The massive wildfire raging in Canada's oil sands region has forced some thermal projects to shut down steaming operations entirely, taking producers into uncharted territory, as delicate reservoirs that require continuous production could be at risk, analysts said.
Six companies have completely shuttered 115,000 barrels per day (Mbbl/d) of thermal operations as a precaution against a wildfire that forced nearly 90,000 residents to evacuate the oil sands hub of Fort McMurray, Alberta, last week. That represents only about 5% of overall production from Alberta's oil sands, but for the companies involved it is among the most expensive to restart.
At least one company is considering keeping a project shuttered indefinitely in the aftermath of the fire, reflecting how operators have had their hands forced by the blaze, as some were already considering curbing production because of low prices.
The technology needed to pump high-pressure steam to unlock bitumen deposits makes production costs expensive for thermal operators. But the costs of idling and then cranking production back up is also high, and the process involved in restarting production is delicate, especially for newer projects.
Producers that invested billions of dollars in oil sands reservoirs chose to operate at a loss rather than shut barrels in even at the peak of low oil prices in the first quarter of 2016.
Thermal production is expected to take longer to restart than the roughly 900 Mbbl/d of mining output halted, both because of the steaming and heating processes involved and because some thermal projects are still inaccessible due to the fire.

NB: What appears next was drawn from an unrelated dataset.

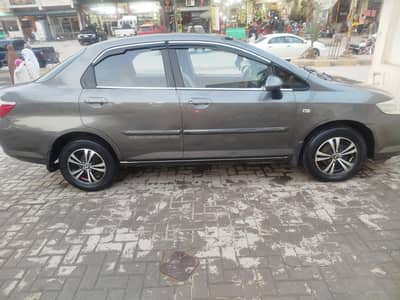 Honda City IDSi 2006 Model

Some companies are unsure as to how they will proceed. Conoco Phillips Canada's President Ken Lueers said the company would face a big learning curve on its 30 Mbbl/d Surmont project, which was evacuated May 4.
"The asset is very new, the maximum time we have had steam under the ground is under a year and we don't know how developed those steam chambers are and how they may or may not have dissipated," he said, adding Conoco may have to redrill some wells if temperature differences cause steel liners to buckle.
The length of time operations are halted and the maturity of the reservoir are crucial for determining how difficult and how costly the restart process is.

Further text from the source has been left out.